Since you all asked how _I_ feel:

I think it's fair of HAMAS to attack Israel, just as much as it's fair for Iraqis to attack the "Coalition Forces" occupying their land.
HAMAS does offer acceptance of the 1967 'Green Line' borders, but Israel continues to kidnap more Palestinians (including elected politicians), colonize more land, and generally stomp around the region like the USA has done 'round the globe for the last 100 years. HAMAS doesn't renounce violence or recognize Israel - and Israel doesn't renounce violence, nor do they recognize HAMAS (see the withholding of international assistance funds after HAMAS's electoral win).
So fuck 'em!

Israel can do what they want, but they're totally overpowering and overwhelming an entire population in reprisal for relatively minor actions by one militant group. This is a war crime, termed "collective punishment", something the armed Palestinian resistance has not been able to commit against Israel. Infrastructure attacks by Israel are common, but there has been perhaps only one or two (arguable) by Palestinians against Israeli society.

(And Israel, at American prompting, essentially made the religious HAMAS movement as a way to dilute the popular, socialist, secular, Soviet-backed groups like the PFLP - so they created their own Frankenstein's monster like the US did with al-Qaeda (from al-Jihad in Egypt) and the Taliban.)


----------



## desaparecido (Jan 1, 2009)




----------



## spoorprint (Jan 2, 2009)

I'm aware that ANSWER is a Worker's World front -at least for a lot of purposes.
I also see United for Peace and Justice as a front for the Progressive Democrats-though friends have disputed that.Still, no one but ANSWER seemed to be attempting to organize a quick response this week, so there calender was useful.

And I agree getting sucked into a front group long term would be unproductive.


----------



## thesenator (Jan 2, 2009)

Hamas now*plans major suicide attacks inside Israel. The group actually warned Muslims who are foreign citizens to leave Israel immediately: http://samsonblinded.org/news/hamas-warned-muslims-to-flee-israel-5473


----------



## vince (Feb 19, 2009)

im in solidarity with palestinians forever noone should EVER need to tolerate what they go through man, israel are imperialist fuckers who did the same think the colonists did to natives. conquering just because they have more guns. nothing justifies genocide. fuck that shit. if any of you get the opportunity theres a realy good documentary called "occupation 101" you can find it on google video. it wasnt allowed pressing in us till like 2006, it was made in 04 i believe.

i have good homie whos been to palestine a couple times with radical motivation and has some fucked up stories.

he showed me a picture of the wall on the palestinian side that had a big circle A and it said "no good squats here", just thought id throw that in, i thought it was humorous when i saw it in a sad way


----------



## wokofshame (Feb 19, 2009)

i know people will bitch at me, but: you need to go there to really understand what the deal is. having a preformed opinion before i went kind of retarded/delayed my learning experience living there


----------



## bote (Feb 22, 2009)

I can't bitch at you unless you give me more to work with- how did going there affect your understanding of things, or rather what is your understanding of things?
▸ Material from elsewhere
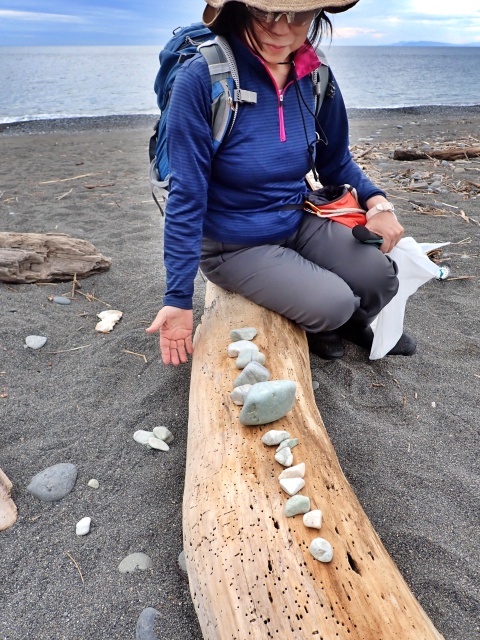 本日後半の成果。ザックが重くなる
Can't blame you if you don't want to get into it, but I am genuinely curious.


----------



## veggieguy12 (Feb 22, 2009)

MURT said:


> ...you need to go there to really understand what the deal is.
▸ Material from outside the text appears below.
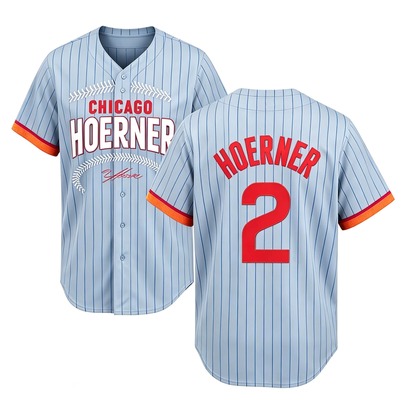 Nico Hoerner Chicago Name & Number (Front & Back) Jersey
I don't think that's true, anyone in the world can get a look at all the evidence and reporting of what the past and present situations are, and thus determine what is happening and form an opinion.
Maybe I'm reading into it too much, but this sounds like the typical un-informed American catch-all/dismiss-all, "It's so complex, that Middle East stuff".
I don't think Israel/Palestine is any more complex than Dutch/Spanish/French/English/American vs. Iriquois/Seminole/Maya/Inca/Aztec/Taino/Apache/Sioux. *It's about land theft from and dispossession of an indigenous group by a foreign group. It's ethnic cleansing.*
Even the Israeli and Zionist top levels admit as much, check out some of the more recent stuff from renowned Israeli historian Benny Morris.
He doesn't deny that it's ethnic cleansing, he just basically says, "The commanders were right, the founders were doing the right thing, we have to purge the land of the non-Jews if we want a secure Israel" (not an exact quote).
Jews, Muslims, and Christians of various ethnicities - Semites, Druze, Bedouin, Arabs, Canaanites, etc. - lived side-by-side in Palestine before the World Zionist Congress decided to flood the area with Jews.
So the question is, do we demand security for people whoever they are, wherever they reside, or do we say that European Jews should not be persecuted and are thus entitled to migrate to Palestine and push out the brown natives to make themselves a safe haven?
Well, do we say that fanatical Protestants weren't safe in Europe and were thus entitled to settle in The New World and slaughter the brown native savages there?
Yeah, I know, "The Palestinians don't want peace, they just hate Jews" and blah blah blah, other demonizing and vilifying rhetoric goes well with the old stories about scalping and village raids by Indians.


----------